The church at Moreton in Dorset is very very small but has something incredible: the windows were etched by Laurence Whistler (Rex's brother). Moreton is absolutely vaut le detour because of these windows, which are doubly beautiful because you look through the etched glass at the trees and grass beyond.

25.2.11

Unfortunately there can be little doubt that the maid has just cleared the table after lunch (has she left port in a decanter maybe and is the elder boy drinking coffee?) and is waiting the other side of the open door. But then the mother is barely in the picture. A blogger thinks the painting 'shows a dysfunctional group with the father of the family presiding conceitedly over the rest'. But this is how it was in 1907 (and could he just be ill at ease?). A Bloomsbury Family by William Orpen © National Galleries of Scotland shows the artist William Nicholson with his wife Mabel Pryde, also a painter, and their children Nancy, Tony, Ben and Kit (who married Elsie Queen Myers 'EQ Nicholson': she designed Black Goose, the fabric used for Farewell Leicester Square).

24.2.11

The Cook Vanessa Bell 1948 © Arts Council Collection.
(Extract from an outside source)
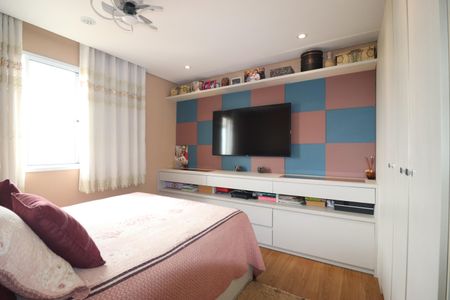 Apartamento à venda com 94m², 3 quartos e 2 vagasQuarto 1 suíte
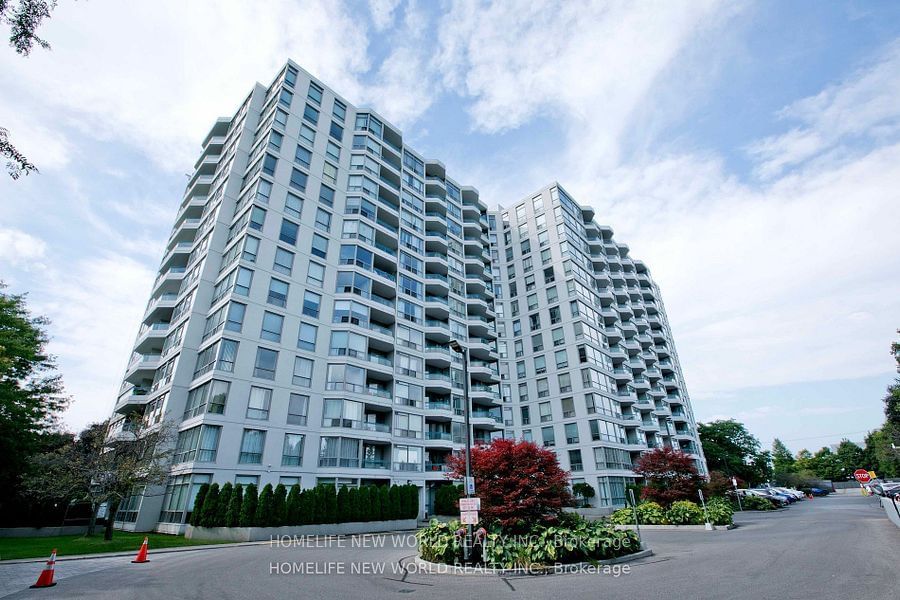 Condo leased at 1205-4727 Sheppard Avenue, Toronto, Agincourt South-Malvern West, M1S 5B3 - MLS: E11929995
There is an interesting debate that has just begun on the Forum – please join in – about Mollie Panter-Downes not writing in depth about servants/cooks. The last person to comment says that Mollie presumably stuck to the rule of writing about what you know. 'Maybe an ability to write about what one does not know is a distinguishing feature of a writer who is great as opposed to merely good or popular or enjoyable.' Very interesting point, but think Jane Austen, think EM Forster. More likely it's that writers tend to write about what they know and tend to be middle-class for all kinds of reasons to do with education, time to write etc. Vanessa Bell would not have painted The Cook (and called the painting that rather than Fish or Haymaking or The Kitchen Table) if she had not had a cook at Charleston. And been able to paint because she wasn't doing the cooking herself.

23.2.11

They are looking at IT Pancake Mixture! The woman's turban makes this 1940s, but the shelves are so full maybe it's 1950s. Can't you just see the wooden counter and the bentwood chair and imagine the bacon slicer and the smell of paraffin (for those of you to young to remember, this is what you bought in oil cans in order to fill the paraffin heaters, and oddly enough it came from grocery shops). It's so, well, reassuring that he wears a tie for work. This is presumably what 59 Lamb's Conduit Street looked like in the days when it was a grocer (cf the Post for 18 October 2010).

22.2.11

Yesterday's picture will have been familiar to a few Persephone readers because it was in a very ancient Quarterly. This picture is more current as we use it to illustrate The Priory, but it's so fascinating that here it is on the Post as well: A Kitchen Scene 1929 by FW Elwell © The Estate of FW Elwell. The place to go and see Fred Elwell's paintings is Beverley in Yorkshire.

21.2.11

This week on the Post: aspects of food and kitchens. This appalling ad is undated but must be 1930s. Was it meant to be funny? Or was it making a serious point (for heavens sake, don't be so clueless, there's the cheese next to the flowers, or if you can't see it go and get it for yourself)? Or was it to be taken at face value – no Kraft cheese does literally mean their lunch (?luncheon) is spoilt? Rather hard to work it out – we need to ask the Provincial Lady.

18.2.11

The writer of the Post knew Jane Grigson – we were Newnham 'associates' together in the late 1980s – and she was indeed, as the DNB entry says, 'generous, scholarly and deeply cheerful'. Interestingly, she too began her career as a translator (having left Newnham in 1949) but became well-known as a cookery writer: her English Food is a staple in many people's kitchens, as is her Vegetable Book. There is a Jane Grigson Trust and the Jane Grigson Library is at Oxford Brookes University: here is an article about its formation and here is an article by Jane's daughter Sophie Grigson, also an excellent cookery writer, about her father Geoffrey.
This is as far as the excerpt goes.